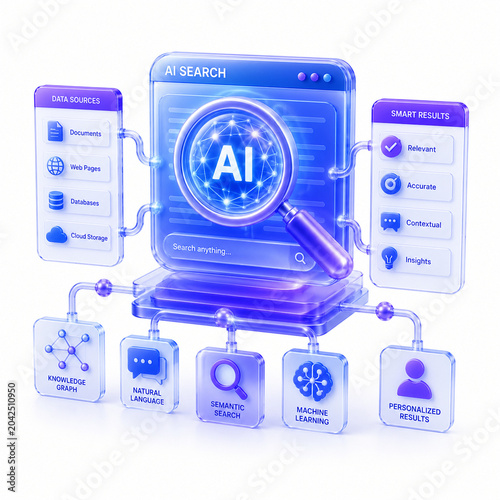 3D Artificial Intelligence Search Engine Interface with Smart Data Discovery and Information Retrieval System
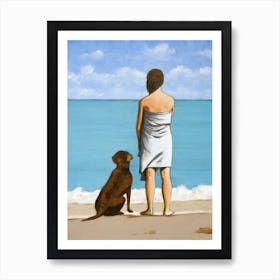 Woman with Dog Art Print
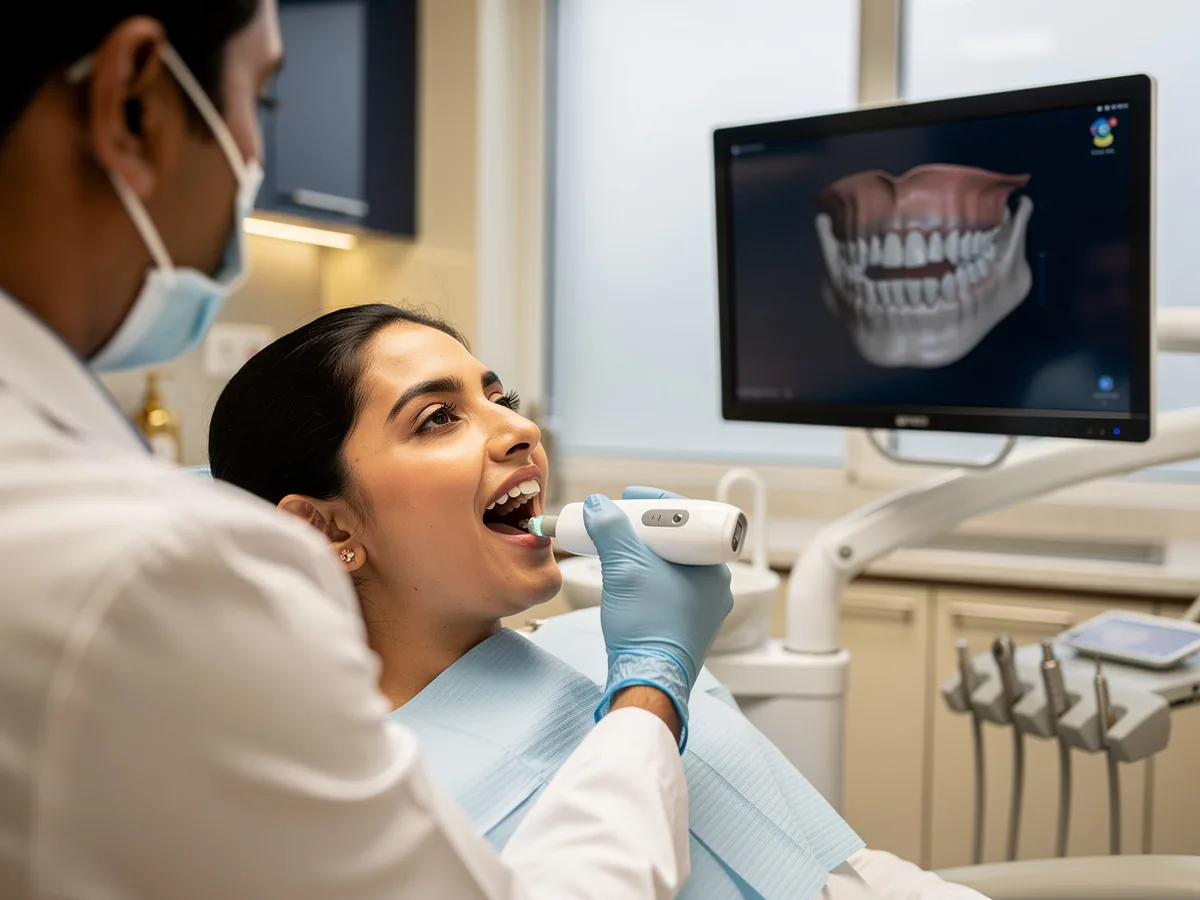 Illustrative picture: a dentist scanning a patient's teeth with an intraoral scanner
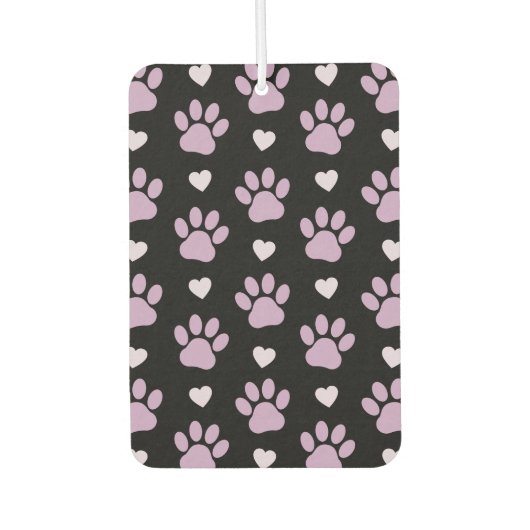 Désodorisant Pour Voiture Pattern of paws, Dog paws, Lilac paws, Hearts (Devant)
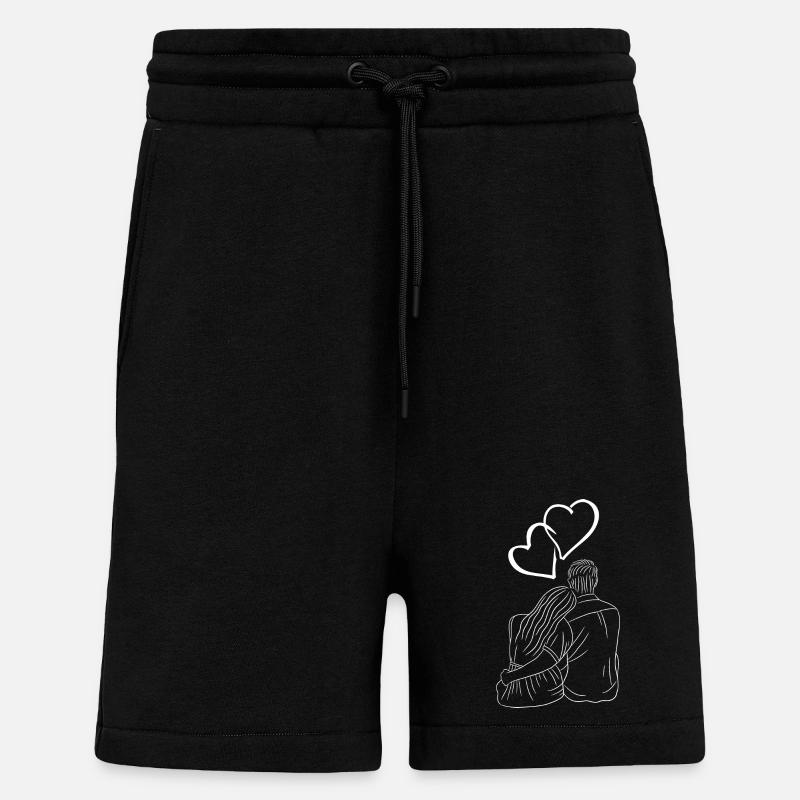 Paar Liebe Herz Silhouette - Shorts - made by SPREAD - SOLID BLACK
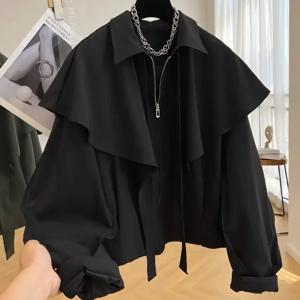 한국어 패션 망토 캐주얼 케이프 자켓 여성 2024 가을 겨울 자켓 탑 가을 의상 Y2k streetwear 겉옷 고스의 새로운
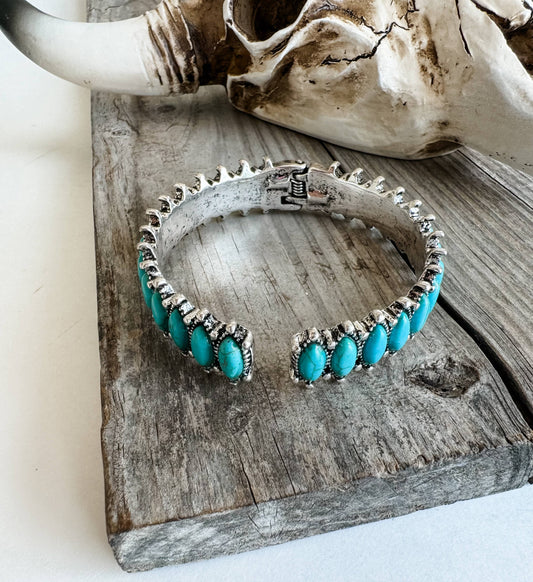 Oval Stone Hinge Bangle Bracelet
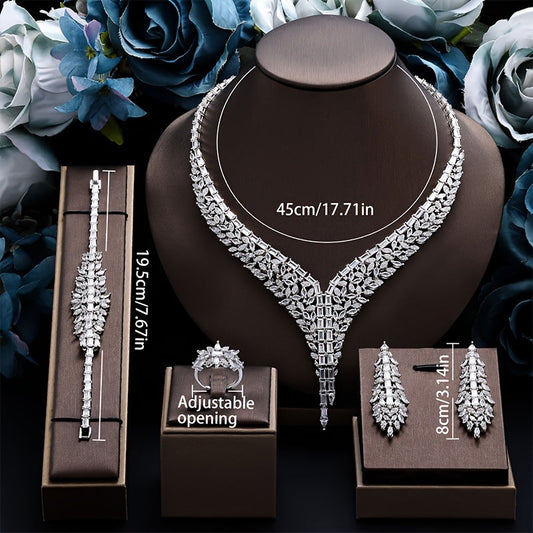 Exquisite Bridal Jewelry Set, 4-piece Set in White Gold-plated Copper with Cubic Zirconia, Perfect for Weddings and Vacations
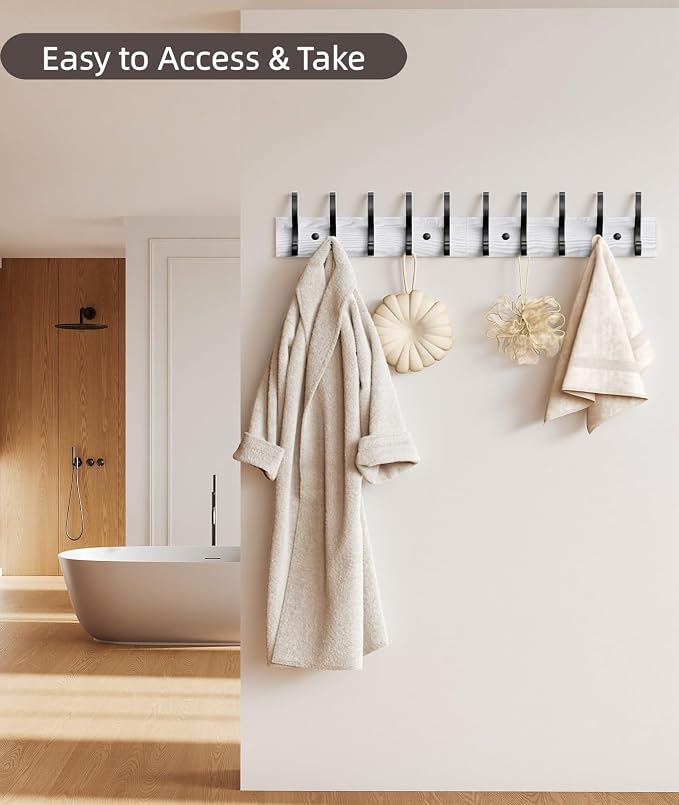 Optish 1 Pack Wooden Coat Rack Wall Mount, 16.1" Rustic Coat Hanger Hooks with 5 Double Hooks, Wall Coat Rack for Hat, Clothes, Bags, Jacket, White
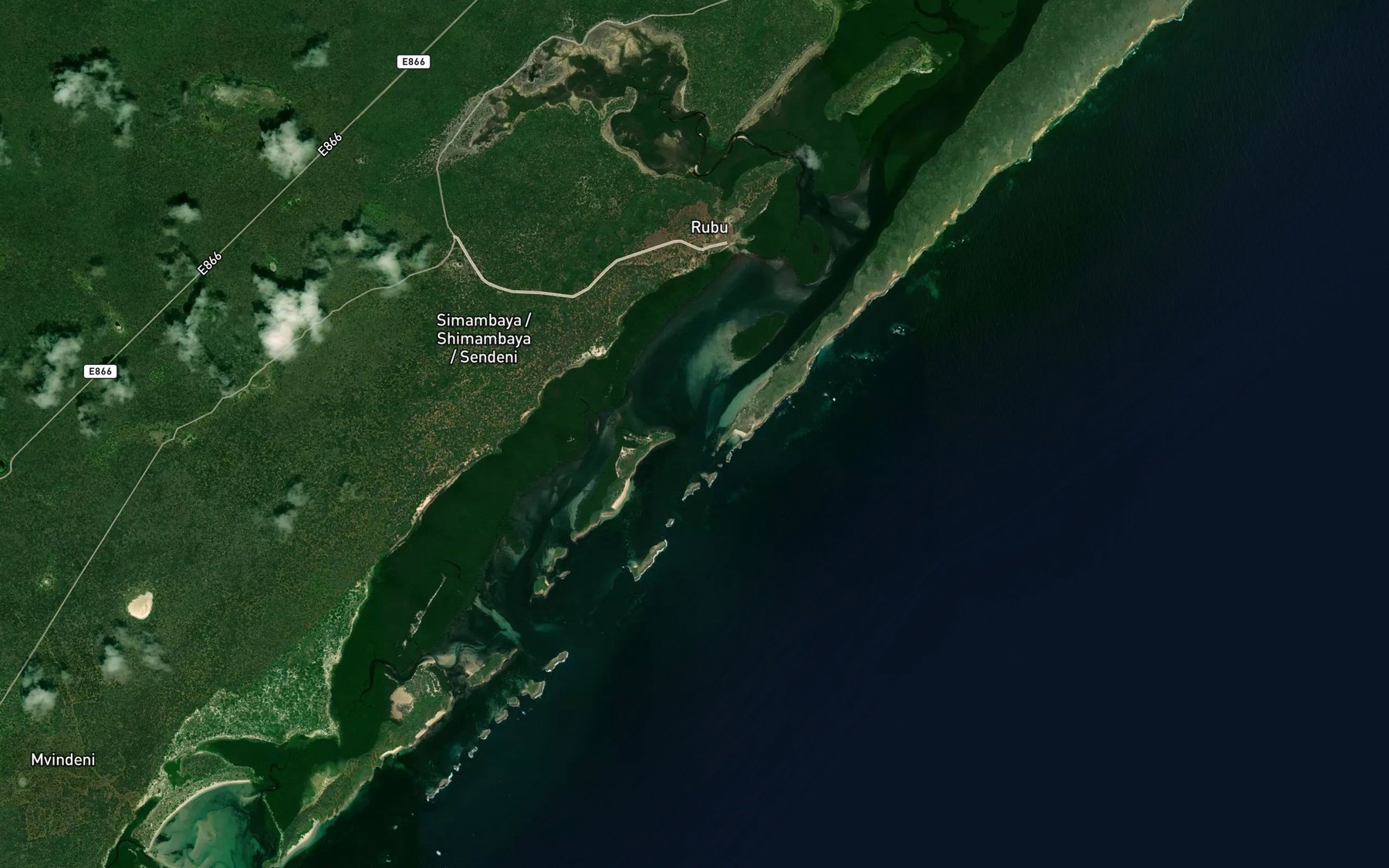 Satellite map of the Mlango Oyondo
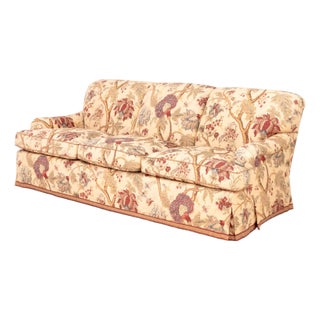 Floral Print Upholstered Three-Seat Sofa For Sale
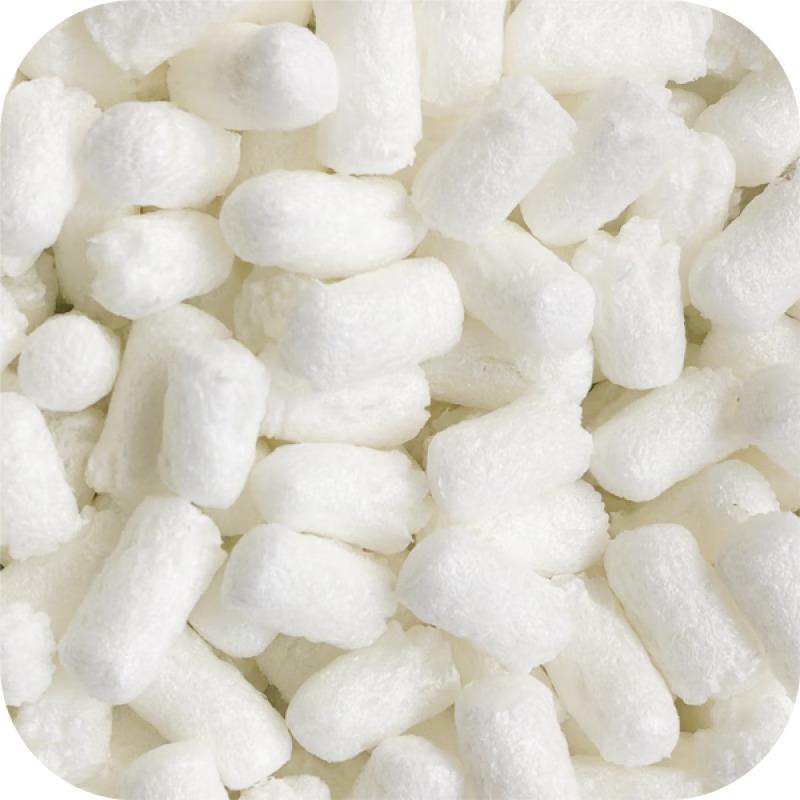 Greenway 15 liters of biodegradable styrofoam filling, starch foam granules, 3D printed parts, shockproof packaging, white standard (water soluble/biodegradable), 35 liters (carton 53*23*29cm)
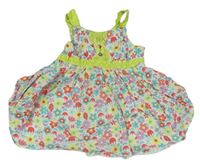 Bílo-zeleno-barevné květované šaty M&S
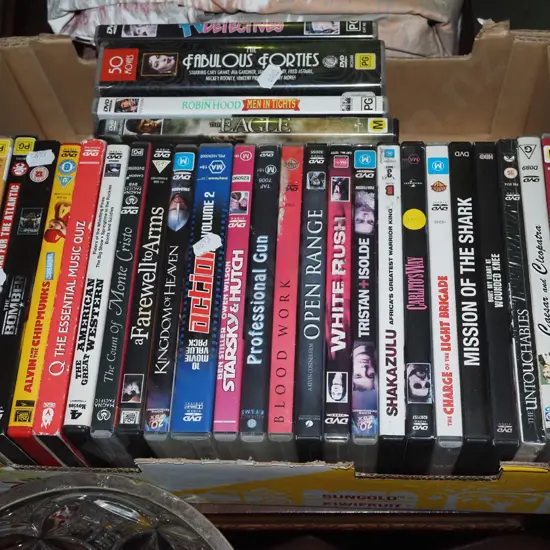 box of DVDs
□ □ □
> [Task item]:
Your answer must be the lines from the one holding "Optish 1 Pack" through the final line of the records above, exactly as written and without any pictures.

> [Result of the exercise]:
 Optish 1 Pack Wooden Coat Rack Wall Mount, 16.1" Rustic Coat Hanger Hooks with 5 Double Hooks, Wall Coat Rack for Hat, Clothes, Bags, Jacket, White
 Satellite map of the Mlango Oyondo
 Floral Print Upholstered Three-Seat Sofa For Sale
 Greenway 15 liters of biodegradable styrofoam filling, starch foam granules, 3D printed parts, shockproof packaging, white standard (water soluble/biodegradable), 35 liters (carton 53*23*29cm)
 Bílo-zeleno-barevné květované šaty M&S
 box of DVDs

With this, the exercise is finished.